|
|
|
|
|
by bravura
4787 days ago
|
|
The Stanford parser is particularly slow --- it's in java, and it's written for research more than anything. The choice of language is not what causes the slowness of the Stanford parser. It's the choice of search strategy, which trades-off speed for accuracy. Shift-reduce dependency parsers are linear time, and are giving state-of-the-art results. No, this is incorrect. The choice of parsing logic (shift-reduce, dependency) and the search strategy (greedy, sometimes erroneously called "deterministic") are orthogonal. It's the greedy search strategy that leads to linear time performance. The choice of logic determines the lower-bound (best-case) on parsing complexity. If you do exhaustive search for the exact solution of a shift-reduce dependency parser, it is worst-case exponential. In practice, you don't do exact search, and by using a beam search approximation you can get observed linear-time performance. [edit: You can read my thesis if you are not familiar with what a parsing logic is.] I am not aware of state-of-the-art results from greedy shift-reduce parsers. Do you mind sharing? |
|
Even amongst chart parsers it's not a very quick implementation.

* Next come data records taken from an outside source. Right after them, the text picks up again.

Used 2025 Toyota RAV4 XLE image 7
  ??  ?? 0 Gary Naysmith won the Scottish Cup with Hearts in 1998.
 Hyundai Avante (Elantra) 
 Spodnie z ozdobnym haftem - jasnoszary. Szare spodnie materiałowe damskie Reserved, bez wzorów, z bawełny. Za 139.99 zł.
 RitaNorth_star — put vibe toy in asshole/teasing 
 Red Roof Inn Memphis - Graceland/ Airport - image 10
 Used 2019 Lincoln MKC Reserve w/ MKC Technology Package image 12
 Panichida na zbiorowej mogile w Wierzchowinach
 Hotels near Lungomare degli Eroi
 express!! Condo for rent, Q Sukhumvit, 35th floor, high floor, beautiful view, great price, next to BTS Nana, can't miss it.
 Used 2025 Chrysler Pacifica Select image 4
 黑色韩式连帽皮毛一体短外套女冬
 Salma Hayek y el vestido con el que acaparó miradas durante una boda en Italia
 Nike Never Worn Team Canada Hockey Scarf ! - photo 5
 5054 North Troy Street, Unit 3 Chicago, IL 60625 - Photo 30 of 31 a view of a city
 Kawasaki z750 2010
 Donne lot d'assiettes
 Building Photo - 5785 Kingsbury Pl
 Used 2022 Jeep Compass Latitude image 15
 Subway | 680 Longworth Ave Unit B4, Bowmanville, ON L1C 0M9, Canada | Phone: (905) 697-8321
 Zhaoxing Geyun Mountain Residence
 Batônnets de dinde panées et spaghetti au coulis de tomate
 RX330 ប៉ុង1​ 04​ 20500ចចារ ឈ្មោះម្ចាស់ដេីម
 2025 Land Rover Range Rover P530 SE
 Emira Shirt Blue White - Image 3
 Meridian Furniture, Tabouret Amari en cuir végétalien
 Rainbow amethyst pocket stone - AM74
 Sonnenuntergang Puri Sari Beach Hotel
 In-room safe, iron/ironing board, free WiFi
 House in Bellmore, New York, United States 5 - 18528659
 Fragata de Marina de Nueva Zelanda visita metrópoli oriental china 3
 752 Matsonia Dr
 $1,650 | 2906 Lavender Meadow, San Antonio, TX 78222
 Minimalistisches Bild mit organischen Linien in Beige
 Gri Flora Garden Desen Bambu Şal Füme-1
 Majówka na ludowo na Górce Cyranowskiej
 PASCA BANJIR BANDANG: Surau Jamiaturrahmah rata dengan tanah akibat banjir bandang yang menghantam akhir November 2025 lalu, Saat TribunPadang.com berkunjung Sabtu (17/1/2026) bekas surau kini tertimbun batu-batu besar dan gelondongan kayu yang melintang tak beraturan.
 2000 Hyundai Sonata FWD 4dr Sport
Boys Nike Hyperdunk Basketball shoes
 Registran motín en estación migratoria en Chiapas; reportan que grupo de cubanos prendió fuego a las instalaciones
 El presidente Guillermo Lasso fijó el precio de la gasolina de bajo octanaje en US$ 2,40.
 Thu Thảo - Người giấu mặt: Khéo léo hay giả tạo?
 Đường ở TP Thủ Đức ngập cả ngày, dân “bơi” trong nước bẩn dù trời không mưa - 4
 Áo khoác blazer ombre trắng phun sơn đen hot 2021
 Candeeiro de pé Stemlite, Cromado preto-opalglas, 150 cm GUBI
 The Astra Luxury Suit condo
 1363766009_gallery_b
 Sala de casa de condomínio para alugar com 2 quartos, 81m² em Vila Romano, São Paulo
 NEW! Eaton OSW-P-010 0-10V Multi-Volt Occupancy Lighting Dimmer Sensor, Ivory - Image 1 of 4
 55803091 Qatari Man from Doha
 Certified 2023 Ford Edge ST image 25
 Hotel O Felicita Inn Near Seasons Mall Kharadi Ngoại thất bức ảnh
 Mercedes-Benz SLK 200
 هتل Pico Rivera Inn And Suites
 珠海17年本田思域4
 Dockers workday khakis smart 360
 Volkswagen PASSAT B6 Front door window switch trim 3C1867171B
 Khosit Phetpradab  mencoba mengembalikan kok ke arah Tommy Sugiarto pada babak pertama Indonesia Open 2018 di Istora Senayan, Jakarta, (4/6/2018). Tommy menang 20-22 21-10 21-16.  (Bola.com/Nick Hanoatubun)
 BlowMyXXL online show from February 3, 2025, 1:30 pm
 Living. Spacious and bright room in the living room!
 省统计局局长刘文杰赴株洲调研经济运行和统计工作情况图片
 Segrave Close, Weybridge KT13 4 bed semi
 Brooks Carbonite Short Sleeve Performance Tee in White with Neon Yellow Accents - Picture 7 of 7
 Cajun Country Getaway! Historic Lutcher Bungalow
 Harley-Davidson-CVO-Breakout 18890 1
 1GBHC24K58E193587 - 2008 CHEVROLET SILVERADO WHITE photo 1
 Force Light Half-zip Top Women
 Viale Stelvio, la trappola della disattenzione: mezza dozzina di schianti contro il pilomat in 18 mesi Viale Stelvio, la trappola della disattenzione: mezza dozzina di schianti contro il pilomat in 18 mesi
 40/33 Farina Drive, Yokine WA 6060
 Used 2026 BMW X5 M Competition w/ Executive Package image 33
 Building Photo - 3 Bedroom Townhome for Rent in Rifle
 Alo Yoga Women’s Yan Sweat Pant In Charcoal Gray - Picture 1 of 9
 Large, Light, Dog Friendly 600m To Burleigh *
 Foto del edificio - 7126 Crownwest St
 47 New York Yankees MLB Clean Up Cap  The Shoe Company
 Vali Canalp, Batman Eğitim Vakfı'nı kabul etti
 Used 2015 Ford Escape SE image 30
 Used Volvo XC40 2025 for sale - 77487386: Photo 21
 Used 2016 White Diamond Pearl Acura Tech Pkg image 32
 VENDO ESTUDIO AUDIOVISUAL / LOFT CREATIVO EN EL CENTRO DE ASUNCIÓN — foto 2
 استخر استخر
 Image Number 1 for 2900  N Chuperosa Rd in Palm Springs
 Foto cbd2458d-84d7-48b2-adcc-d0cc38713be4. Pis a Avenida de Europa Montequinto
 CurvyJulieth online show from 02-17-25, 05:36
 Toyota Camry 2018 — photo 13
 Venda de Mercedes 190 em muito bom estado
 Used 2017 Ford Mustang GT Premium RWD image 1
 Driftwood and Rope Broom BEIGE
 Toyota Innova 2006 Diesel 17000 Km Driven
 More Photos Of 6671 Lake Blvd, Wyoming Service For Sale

> The choice of parsing logic (shift-reduce, dependency) and the search strategy (greedy, sometimes erroneously called "deterministic") are orthogonal. It's the greedy search strategy that leads to linear time performance.
They're really only conceptually orthogonal, because in practice once you choose shift-reduce you're always going to choose greedy/deterministic/whatever search. I'm not aware of any shift-reduce/transition-based parsing results that don't use 1-best or beam search.
> I am not aware of state-of-the-art results from greedy shift-reduce parsers. Do you mind sharing?
Zhang and Nivre (2011) http://www.sutd.edu.sg/cmsresource/faculty/yuezhang/acl11j.p... 93.5 UAS on Stanford basic dependencies. This is the best published result on the dataset, and the best published dependency parsing result for English.
Probably the parser is still worse than the C&J reranking parser, when 200 parses are supplied to the reranker. But I'd be very surprised if it wasn't better than the Stanford parser, and probably also the Berkeley parser.